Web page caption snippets
------------------------

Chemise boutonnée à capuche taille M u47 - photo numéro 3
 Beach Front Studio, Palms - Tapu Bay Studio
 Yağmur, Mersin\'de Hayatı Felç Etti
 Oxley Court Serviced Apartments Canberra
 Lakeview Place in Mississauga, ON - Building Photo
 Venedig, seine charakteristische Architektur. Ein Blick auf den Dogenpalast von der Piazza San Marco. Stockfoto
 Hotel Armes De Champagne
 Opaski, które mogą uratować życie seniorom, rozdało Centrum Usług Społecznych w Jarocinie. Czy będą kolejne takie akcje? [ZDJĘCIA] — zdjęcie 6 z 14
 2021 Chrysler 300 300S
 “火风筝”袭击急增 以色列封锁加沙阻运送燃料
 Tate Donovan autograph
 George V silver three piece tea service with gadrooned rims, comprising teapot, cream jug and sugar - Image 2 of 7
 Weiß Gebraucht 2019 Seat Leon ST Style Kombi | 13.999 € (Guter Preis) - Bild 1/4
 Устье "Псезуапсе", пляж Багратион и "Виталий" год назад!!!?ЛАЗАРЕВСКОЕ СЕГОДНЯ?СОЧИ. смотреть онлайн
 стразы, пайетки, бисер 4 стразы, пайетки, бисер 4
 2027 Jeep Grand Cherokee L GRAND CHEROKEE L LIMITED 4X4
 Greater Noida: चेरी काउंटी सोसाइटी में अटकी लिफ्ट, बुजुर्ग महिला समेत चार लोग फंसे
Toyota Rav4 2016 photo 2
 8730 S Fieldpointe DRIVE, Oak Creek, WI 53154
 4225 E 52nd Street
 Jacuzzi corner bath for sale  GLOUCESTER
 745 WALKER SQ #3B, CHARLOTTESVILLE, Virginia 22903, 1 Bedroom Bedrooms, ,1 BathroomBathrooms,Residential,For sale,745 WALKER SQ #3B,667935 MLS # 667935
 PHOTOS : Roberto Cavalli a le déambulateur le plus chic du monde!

------------------------

• **TASK INSTRUCTIONS**
Exact copies of every record are required, so retype them in full.

• **TASK RESULT**
Chemise boutonnée à capuche taille M u47 - photo numéro 3
 Beach Front Studio, Palms - Tapu Bay Studio
 Yağmur, Mersin\'de Hayatı Felç Etti
 Oxley Court Serviced Apartments Canberra
 Lakeview Place in Mississauga, ON - Building Photo
 Venedig, seine charakteristische Architektur. Ein Blick auf den Dogenpalast von der Piazza San Marco. Stockfoto
 Hotel Armes De Champagne
 Opaski, które mogą uratować życie seniorom, rozdało Centrum Usług Społecznych w Jarocinie. Czy będą kolejne takie akcje? [ZDJĘCIA] — zdjęcie 6 z 14
 2021 Chrysler 300 300S
 “火风筝”袭击急增 以色列封锁加沙阻运送燃料
 Tate Donovan autograph
 George V silver three piece tea service with gadrooned rims, comprising teapot, cream jug and sugar - Image 2 of 7
 Weiß Gebraucht 2019 Seat Leon ST Style Kombi | 13.999 € (Guter Preis) - Bild 1/4
 Устье "Псезуапсе", пляж Багратион и "Виталий" год назад!!!?ЛАЗАРЕВСКОЕ СЕГОДНЯ?СОЧИ. смотреть онлайн
 стразы, пайетки, бисер 4 стразы, пайетки, бисер 4
 2027 Jeep Grand Cherokee L GRAND CHEROKEE L LIMITED 4X4
 Greater Noida: चेरी काउंटी सोसाइटी में अटकी लिफ्ट, बुजुर्ग महिला समेत चार लोग फंसे
Toyota Rav4 2016 photo 2
 8730 S Fieldpointe DRIVE, Oak Creek, WI 53154
 4225 E 52nd Street
 Jacuzzi corner bath for sale  GLOUCESTER
 745 WALKER SQ #3B, CHARLOTTESVILLE, Virginia 22903, 1 Bedroom Bedrooms, ,1 BathroomBathrooms,Residential,For sale,745 WALKER SQ #3B,667935 MLS # 667935
 PHOTOS : Roberto Cavalli a le déambulateur le plus chic du monde!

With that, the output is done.